A hole that does to-day require two heroic shots is the sixth; indeed the green can only be reached in two with a favouring wind. Along the whole length of the hole, on the right-hand side, runs a belt of fir trees, while in front of the green is a ditch. If one clings very closely to the firs with the tee-shot, and then plays a big, high-carrying brassey shot, one may hope to see the ball just clear the last fir tree and drop down close to the hole. Another hole that nobody is ever likely to forget is the fifth. One may reach the green with a pitch from the tee, but what a difficult pitch it is. The green is something in the shape of a hog’s back; immediately on the left of it is a stagnant pool of water, and on the right is a stream, complicated by overhanging willows. To reach the green is one distinct feat; to hole out in two putts, when one has got there, is another. For the most part the whole course is delightfully dry and sandy, in spite of the presence of many ditches, and the greens, when they are good, are very good, though they have sometimes a tendency towards getting a little bare and tricky.
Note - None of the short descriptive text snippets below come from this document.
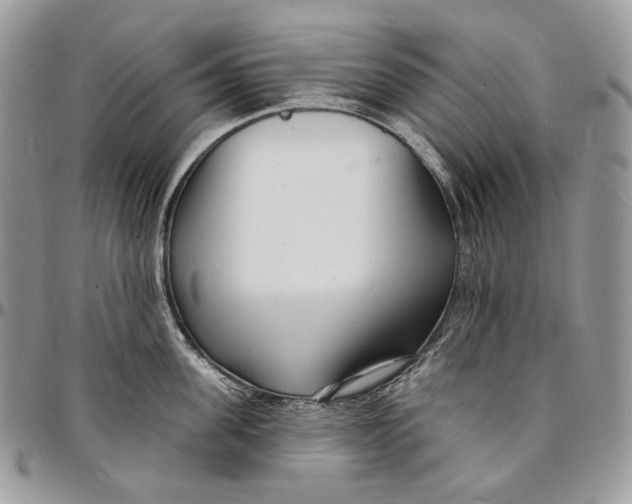 X0000096390955200802141452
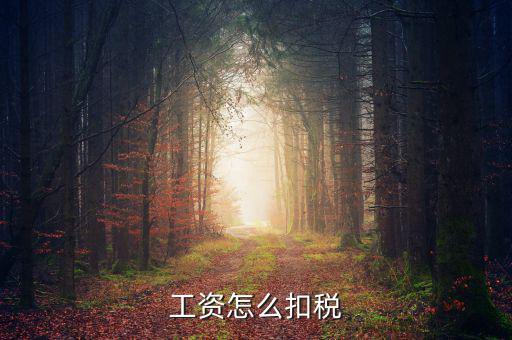員工工資中的稅是按什么扣的，工資怎么扣稅
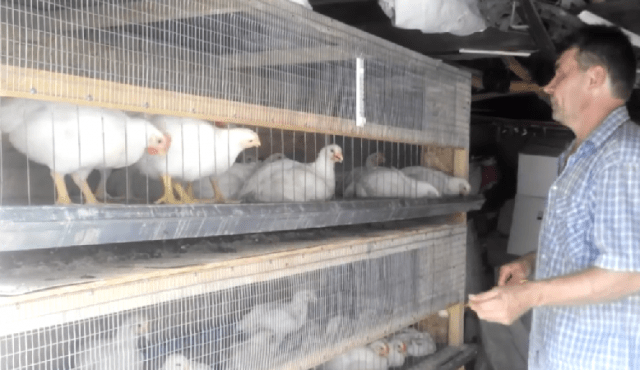 How to make a chicken coop for broilers with your own hands + photos, drawings 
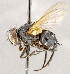  ( - CNC1726944)  @11 [ ] No rights reserved (2021) Unspecified Canadian National Collection of Insects, Arachnids and Nematodes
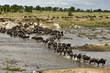 Wildebeest, crossing river Mara, Serengeti National Park Wildebeest, crossing river Mara, Serengeti National Park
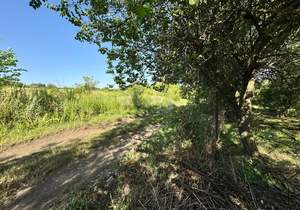 Дом 20м&sup2;, 2-этажный, участок 9 сот.  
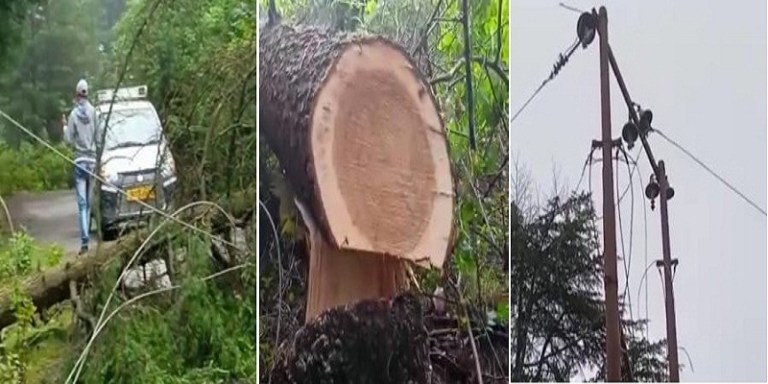  लोहाघाट : लकड़ी तस्करों ने काट डाला देवदार का पेड़, सड़क बंद होने के साथ ही बिजली भी गुल हुई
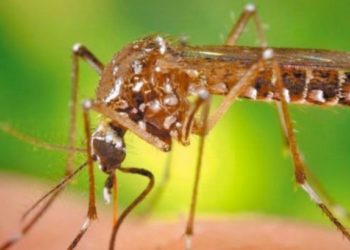 “La Provincia no oculta información sobre el dengue, sino que la difunde”, dijo el ministro de Salud de Misiones Oscar Alarcón 3 2024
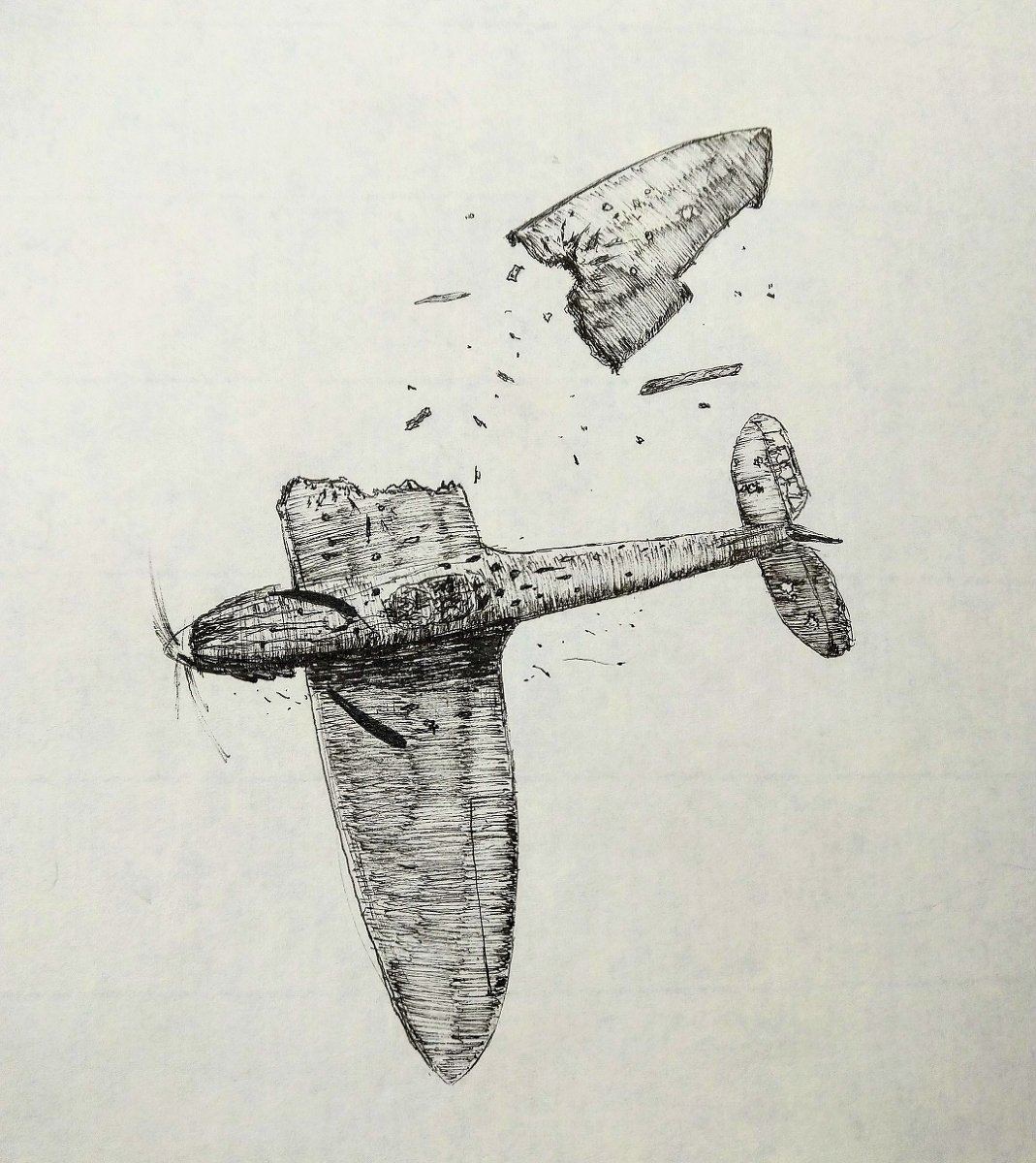 やばぴ (@yabahi_chan) on Twitter photo 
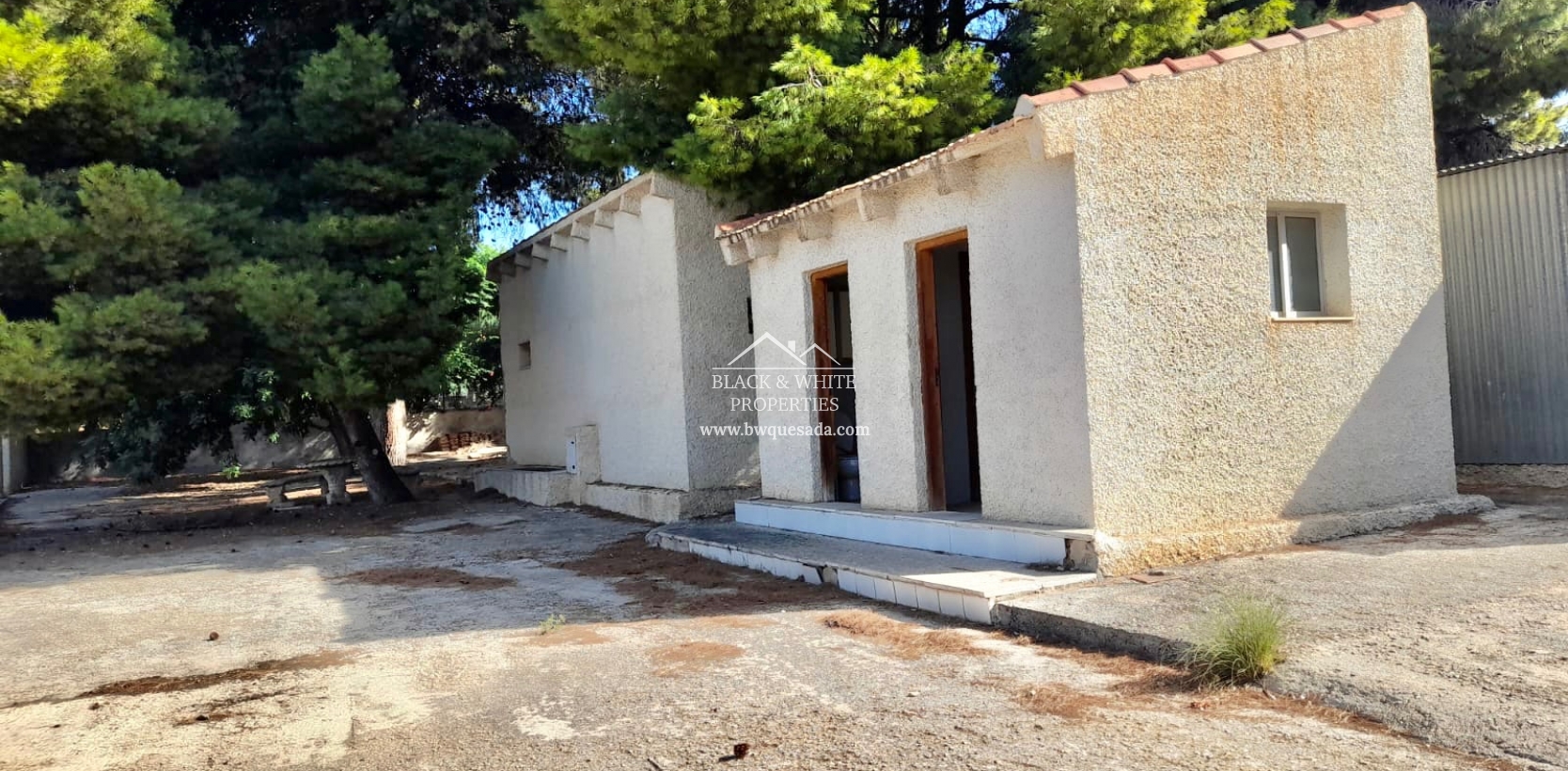 Venta - Finca - Elche Pedanías - Peña las Águilas
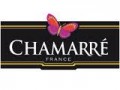 Chamarre rescued by Alain Dominique Perrin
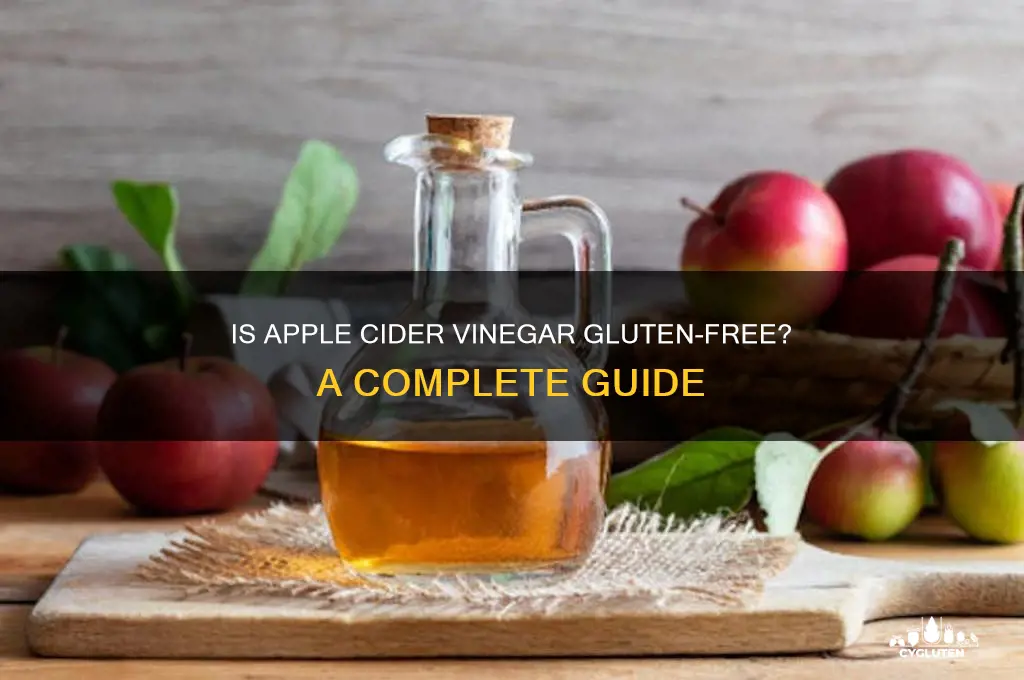 is acv gluten free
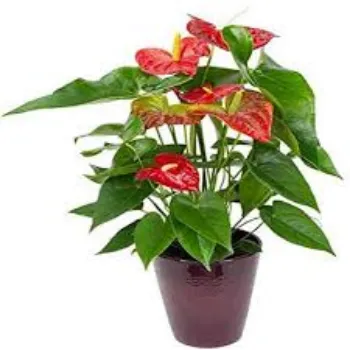 Natural Anthurium Plant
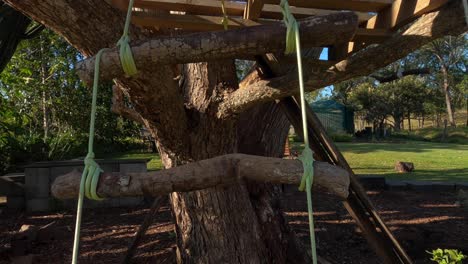 POV-up-rope-ladder-to-basic-DIY-wooden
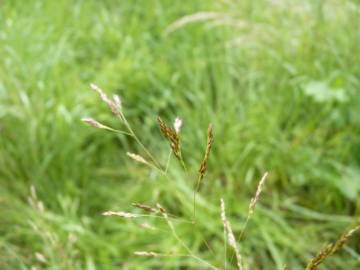 Fotografia da espécie Agrostis capillaris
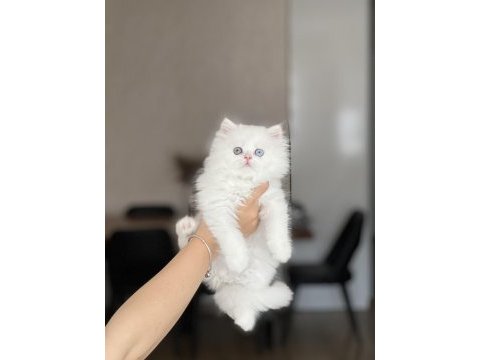 Mükemmel kalite harika gen british longhair yavrum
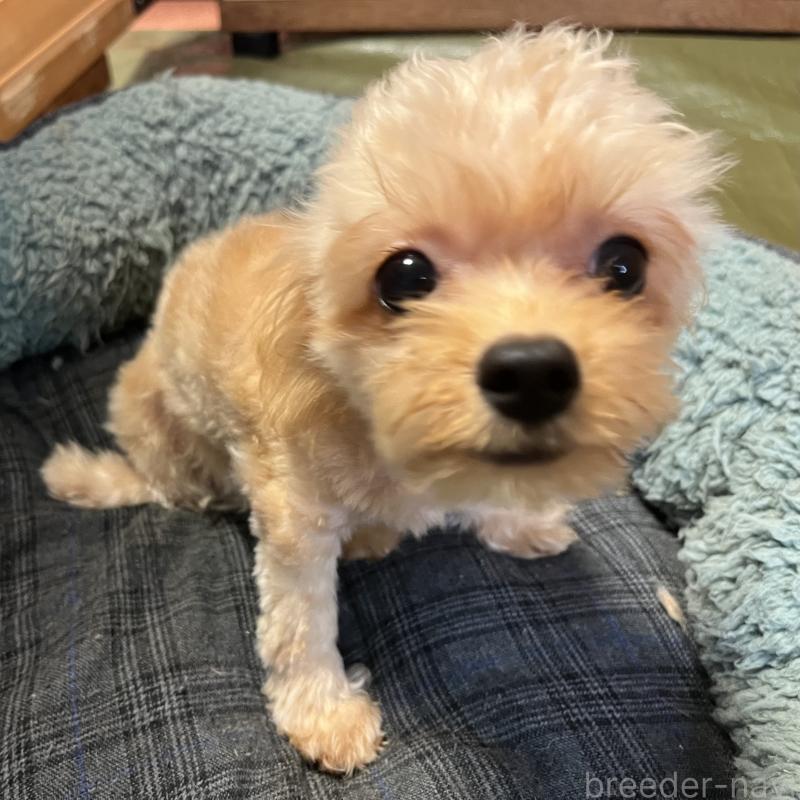 販売中の埼玉県のミックス犬-387220の18枚目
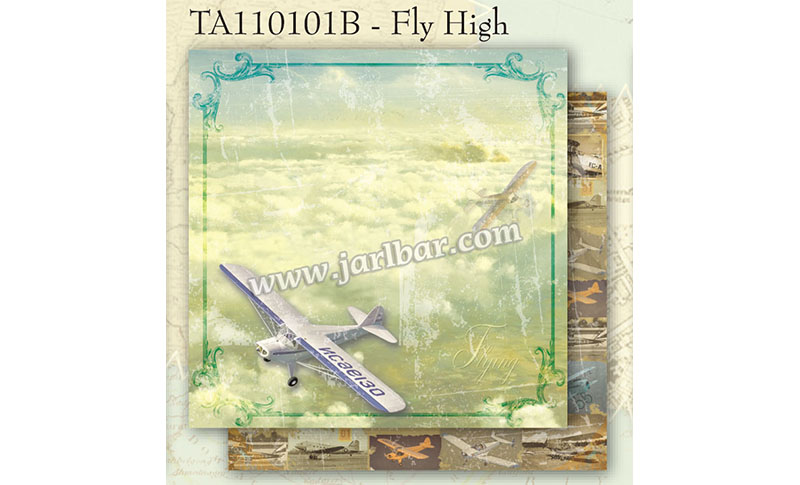 TA110101B-fly high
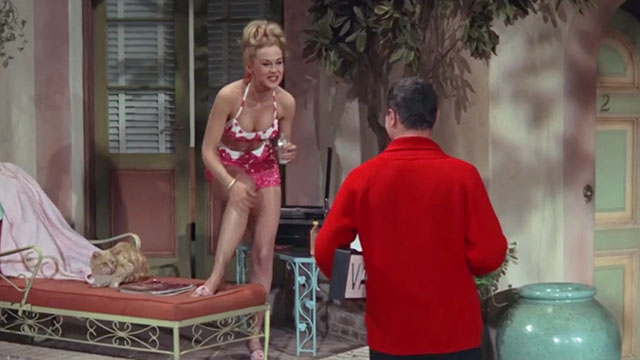 Under the Yum Yum Tree - Hogan Jack Lemmon talking to buxom girl with ginger tabby cat Orangey on lawn chair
It is no small thing for the Cambridge teams to have this admirable practising ground, and this alone should make for an improvement in Cambridge golf. University golf, however, has naturally improved a good deal in the last few years. Twelve years ago a freshman who should come up to either University and show himself to be already a good or even a goodish golfer was something of a phenomena. Nowadays thousands of school boys play golf, and consequently there is nearly always a supply of freshmen who can play a good game when they first come up. In the last century—to use a formidable expression—there was usually a considerable gap between the first two or three men and the last. In the very earliest days Oxford had two very fine players in Mr. Horace Hutchinson and Mr. Alexander Stuart, while Cambridge had Mr. Welsh, now a tutor at Jesus, and the possessor of a monumental reputation at Machrihanish. The other members of the side were generally of a very different calibre, and some of them would be badly off nowadays with any handicap under eighteen. Later on in the early nineties Cambridge had some fine sides, with Mr. Low, Mr. Colt, Mr. Eric Hambro, and other good players, and to this day probably the best University side that ever played was the much quoted Oxford side of 1900, of which Mr. Mansfield Hunter was the captain.

On the whole, however, the general standard of play is higher to-day, and personally I was enormously struck with the golf in the match at Hoylake in 1910. For one thing, the driving was wonderfully steady and good, and some of it very long, and all the play was well worth the watching, which is more than could have been said for some of it not so very, very long ago.


CHAPTER IX.
A LONDON COURSE.

By a Long Handicap Man.

I should like at the outset briefly to explain who I am and why I am writing this chapter. I am known to every golfer—I play fairly regularly, generally on a Saturday afternoon, sometimes in the evening during the summer; I am genuinely keen on the game, and can honestly say that I devote a good deal of thought and attention to it; I enter for all the competitions at my club, but my name rarely appears on the list of those who have returned scores—my card is generally torn up about the fourteenth hole, frequently earlier. I believe that I come in for a good deal of abuse at the hands of the very low handicap man. “These chaps ought not to be allowed on the course,” or “There should be a special time for starting these long handicap men,” or again, “My good sir, I’ve seen the man in front of me play his third, and he’s not yet reached the bunker yet!” These and similar remarks are samples of what one has to bear.

One might perhaps gently remind the impatient expert that, after all, we long handicap men do serve some useful purpose; they, too, were once even as we are now, and, moreover, without us the spoils of the fortnightly ‘sweep’ would be distinctly lessened; now and again, also, one of us suddenly ‘comes on his game,’ and, if it be in a knock-out competition, spreads havoc and devastation among the players with handicaps of under six.